CCBC does not formally track student hunger, according to college spokesperson Jacquie Lucy, but each of its three campuses offer a food pantry for students in need. The Catonsville pantry gives away, on average, 267 nonperishable and canned foods each month, Lucy said.
The college is taking part in #GivingTuesday on Nov. 29, an international campaign to promote giving, by collecting money for the food pantries. Almost $1,000 of the college's $1,200 goal has been raised, Lucy said.
As the holiday season arrives, Butler takes money he has set aside from each of his paychecks to organize a Thanksgiving meal. In his first year, the dinner had about a dozen students.
Now in his fifth year, he wanted to expand the dinner. He got the office of student conduct involved, partnering with Tony Alleyne, the school's student conduct administrator, and raised $588 in donations and several volunteers willing to help on the day of the dinner, Tuesday, the last day of classes before Thanksgiving break.
About 50 students waited outside as the final preparations were made. Butler arrived with trays of turkey, ham, chicken and sides, before opening the doors. Eight tables quickly filled up.
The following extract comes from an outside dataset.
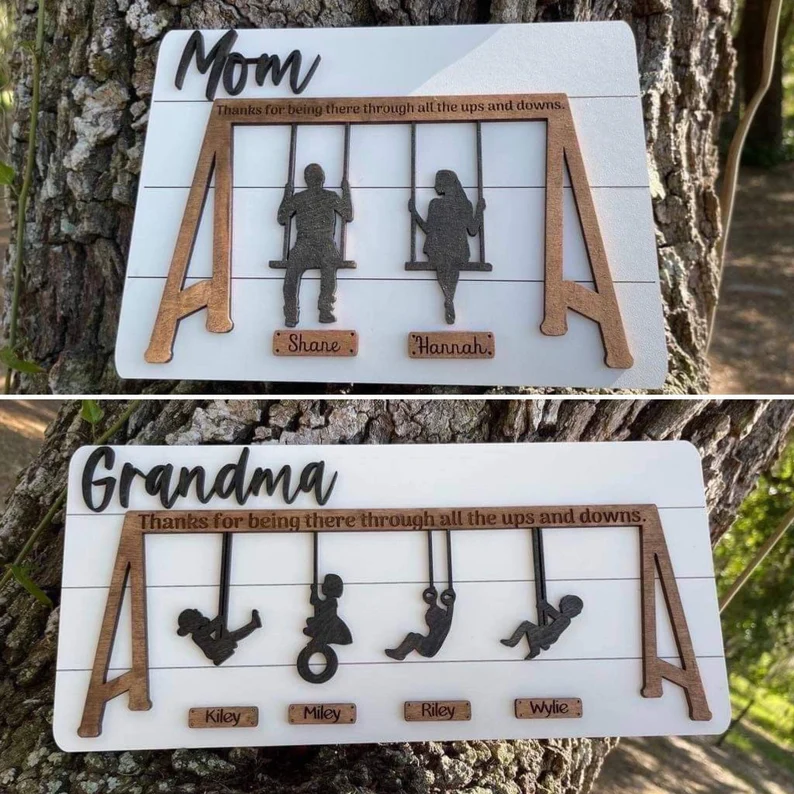 Personalized Swinging Mom Wooden Sign Mother's Day Gift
More than 300 students attended the dinner, known as the Holiday Family Feast, in a room inside the Student Services Center.
"I am so happy," Butler said as the first students in line were at their tables with friends eating and enjoying each other's company. "This is what it's all about. We care, we love them and we're good to go."
After a brief introduction from Butler and Alleyne and a blessing of the food, the students formed a line that went out the door. Some of the 27 student and staff volunteers distributed the food.
Tianna Monee, a 20-year-old from Milford Mill studying psychology, said she has no plans for Thanksgiving dinner because her family can't afford it. She's the oldest of six.
Her plate was filled with chicken, mashed potatoes, macaroni and cheese and vegetables. Next to it were two desserts — pie and cake. She said if it weren't for Butler's meal, she would have gone through the day hungry.
"My friends from school, they're like my family," she said. "This is my Thanksgiving, really."
As Butler walked around table to table, students expressed their gratitude to a man they call "Pops."
"He gives hope for people who may think they don't have a chance to make it in life or be great," said Michael Dunn, a 17-year-old from Catonsville who is studying engineering, who came to support his friends who are unable to afford a traditional Thanksgiving meal.
Diane Drake, director of admissions for the college, served jerk chicken. She wasn't surprised to learn of Butler's efforts and wanted to be part of it.
"It helps me to be thankful for what I have and to be able to give back," she said.
William Dorsey, a 20-year-old general studies student from Windsor Mill, helped set up the room and deliver food before the dinner began. Watching his peers eat, he was in awe of what Butler and Alleyne put together. He described Butler as fatherly, a guardian and a visionary for the school's culture.
"They inspire me," he said. "The longer I sit here and I just look around at what they have developed, it just makes me want to replicate it and go a step forward."